In the accompanying Executive Opinion Survey of the competitiveness ranking report, executives rated countries based on 15 indicators.

For the Philippines, executives showed their high regard for the local talent. It ranked higher in skilled labor with a score of 76.7 percent followed by dynamism of the economy at 67.8 percent followed by open and positive mind at 64.4 percent, high education level at 61.1 percent, cost competitiveness at 48.9 percent, access to financing at 41.1 percent and quality of corporate government at 32.2 percent, 28.9 percent business friendly environment and effective labor relations at 22.2 percent.

But the executive survey showed the Philippines scored lower with only 12.2 percent for policy stability and predictability, 5.6 percent for reliable infrastructure, 4.4 percent for competency of government, 3.3 percent for strong R and D culture, 3.3 percent for competitive tax regime and 0.0 for effective legal environment.

Based on the survey, the challenges faced by the Philippines in 2020 include mitigating COVID-19’s economic impacts and adjusting to the new normal. The country would also be challenged on the preparations for the healthcare system for possible succeeding waves of COVID-19.

Other challenges include ensuring adequate and prompt aid to vulnerable households and businesses, quickly resuming the governments BBB infrastructure investment program, and reviving business and consumer confidence.
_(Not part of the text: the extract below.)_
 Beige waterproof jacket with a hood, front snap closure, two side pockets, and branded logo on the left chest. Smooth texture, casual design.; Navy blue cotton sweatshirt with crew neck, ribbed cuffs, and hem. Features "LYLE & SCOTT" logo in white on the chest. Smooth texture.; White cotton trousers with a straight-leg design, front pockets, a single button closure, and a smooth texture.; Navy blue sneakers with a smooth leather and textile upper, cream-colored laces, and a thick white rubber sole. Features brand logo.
In the context of the rankings, Caballero noted that the Philippines ranked just below Italy and India thus they can be considered as its closest competitors. Regionally, Indonesia and Malaysia, both ranking higher, can be seen as the Philippines’ competitors.

According to IMD, the impact of COVID-19 on the competitiveness ranking is partially captured in the executives’ opinions about the effectiveness of the different health systems.

In the ASEAN countries included in its sample, only Singapore (remains at 4th) and Thailand (improved from 28th to 22nd) have a positive performance in the effectiveness of the health infrastructure. Indonesia slightly declined from 36th to 38th, and the Philippines from 45th to 49th.

Malaysia experienced the largest decline in the health infrastructure (from 17th to 23rd) among ASEAN countries.

The IMD World Competitiveness Ranking has been produced every year since 1989 and is widely acknowledged as the leading annual assessment of competitiveness.